Columbus leaders announced a $250,000 independent review of the police department and city's response to recent protests in Columbus.
The Columbus general fund and Columbus Division of Police will jointly pay for the review.
It will not be an investigation into individual protesters' reports about police brutality – those are being performed by the City Attorney's Office. Instead, it will be a macro-level look at the way the city and police department responded to thousands of residents taking the streets over the last few months.
Trevor Brown, dean of Ohio State University's John Glenn College of Public Affairs, and former U.S. Attorney Carter M. Stewart will lead the review.
“This is a moment of pain for Columbus and for so many cities across the country, but it's also an opportunity for self-reflection and for us to grow as a community,” Stewart says. “And that's essentially what this research project is intended to do.”

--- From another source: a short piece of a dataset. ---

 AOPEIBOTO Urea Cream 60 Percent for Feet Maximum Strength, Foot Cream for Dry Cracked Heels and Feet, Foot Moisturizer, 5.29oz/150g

Stewart says they will hire a team of researchers and community members to interview protesters and officers, and bring in third party-experts to come up with policy changes.
“We will make research informed recommendations for how the city can respond better to future such incidents,” Stewart says. “The end result will be a written report, which will be given to the city council.”
The review will be completed by the end of the year, and will be peer-reviewed before publication.
The review is the latest response by Columbus leaders to recent calls for police reform. Columbus City Council also announced plans to pursue a Civilian Review Board to examine police misconduct cases, and are considering how to demilitarize the department. The city also created restrictions on the use of chemical agents on demonstrators, following criticism over the deployment of tear gas and pepper spray on nonviolent protesters.